* [REQUIREMENT]:
Only the lines from the one containing "Rare Mid Century" through the end of the listing are to be repeated, exactly and without pictures.

* [DATA PROVIDED]:
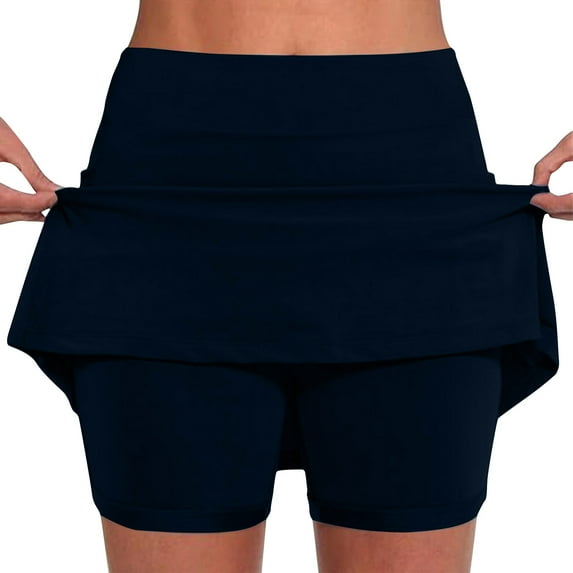 Iugvhana Womens Skorts with Pockets Lightweight Tummy Control Plus Size Skorts for Women High Waist Solid Color Athletic Sports Skirt Shorts Navy#01 XXXXL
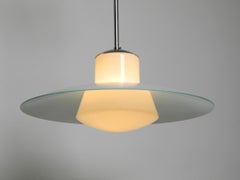 Rare Mid Century Double Glass Ceiling Lamp by Wilhelm Braun Feldweg for Doria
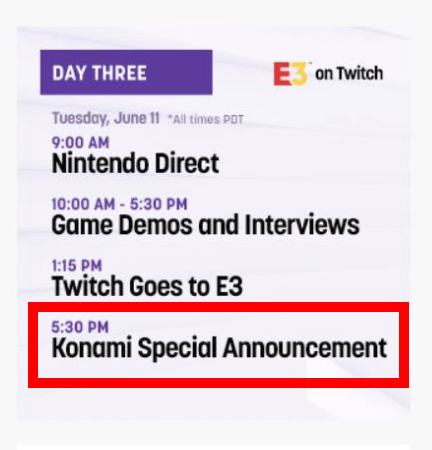E3：冷饭还是新作？ Konami将公开“特别”内容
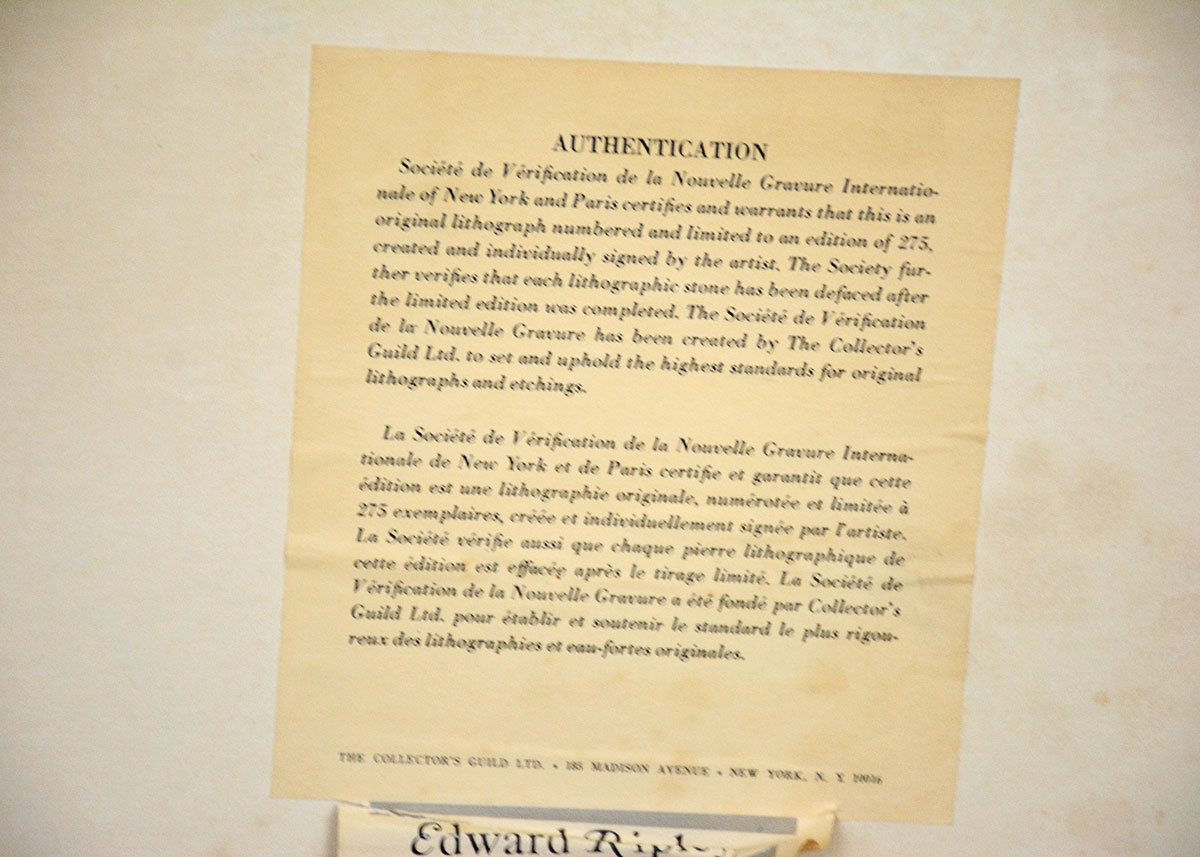 Edward Ripley Signed and Framed Vintage Lithograph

* [ANSWER TO THIS TASK]:
 Rare Mid Century Double Glass Ceiling Lamp by Wilhelm Braun Feldweg for Doria
E3：冷饭还是新作？ Konami将公开“特别”内容
 Edward Ripley Signed and Framed Vintage Lithograph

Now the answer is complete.